● WHAT YOU WILL DO:
Here the job is to transcribe the data exactly while omitting the images.
DATA EXTRACT START
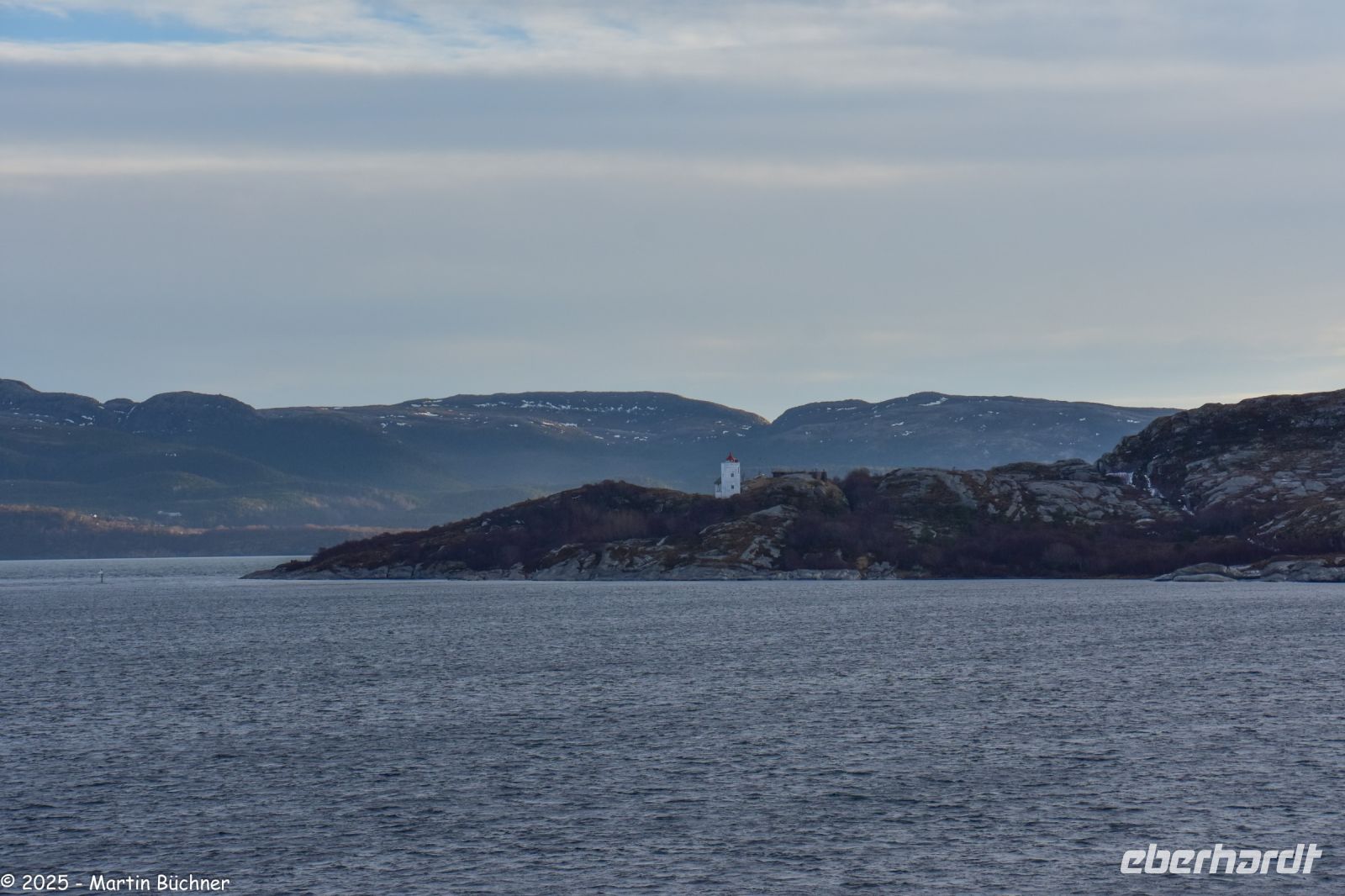 Das Agdenes fyr (Leuchtturm) markiert die Einfahrt in den Trondheimfjord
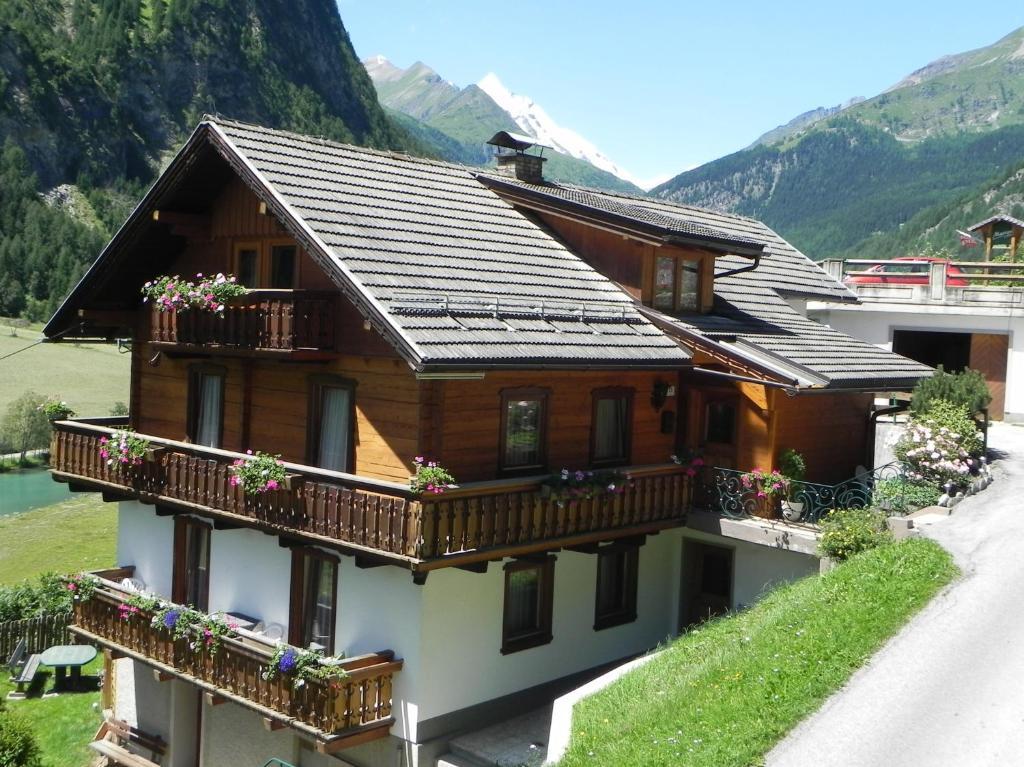 Haus Marienheim Bed & Breakfast Heiligenblut Eksteriør bilde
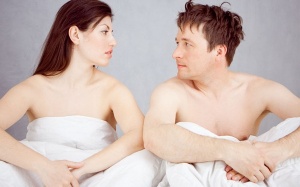 Khô âm đạo không phải của riêng phụ nữ luống tuổi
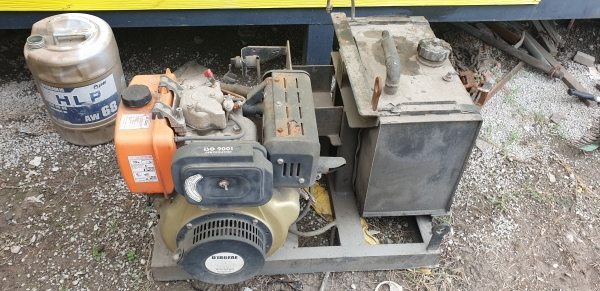 ขายเครื่องดีเซล10แรงชนป๊มไฮโดรลิค.สตาค์กุญแจ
DATA EXTRACT END
● EXPECTED OUTPUT:
 Das Agdenes fyr (Leuchtturm) markiert die Einfahrt in den Trondheimfjord
 Haus Marienheim Bed & Breakfast Heiligenblut Eksteriør bilde
 Khô âm đạo không phải của riêng phụ nữ luống tuổi
 ขายเครื่องดีเซล10แรงชนป๊มไฮโดรลิค.สตาค์กุญแจ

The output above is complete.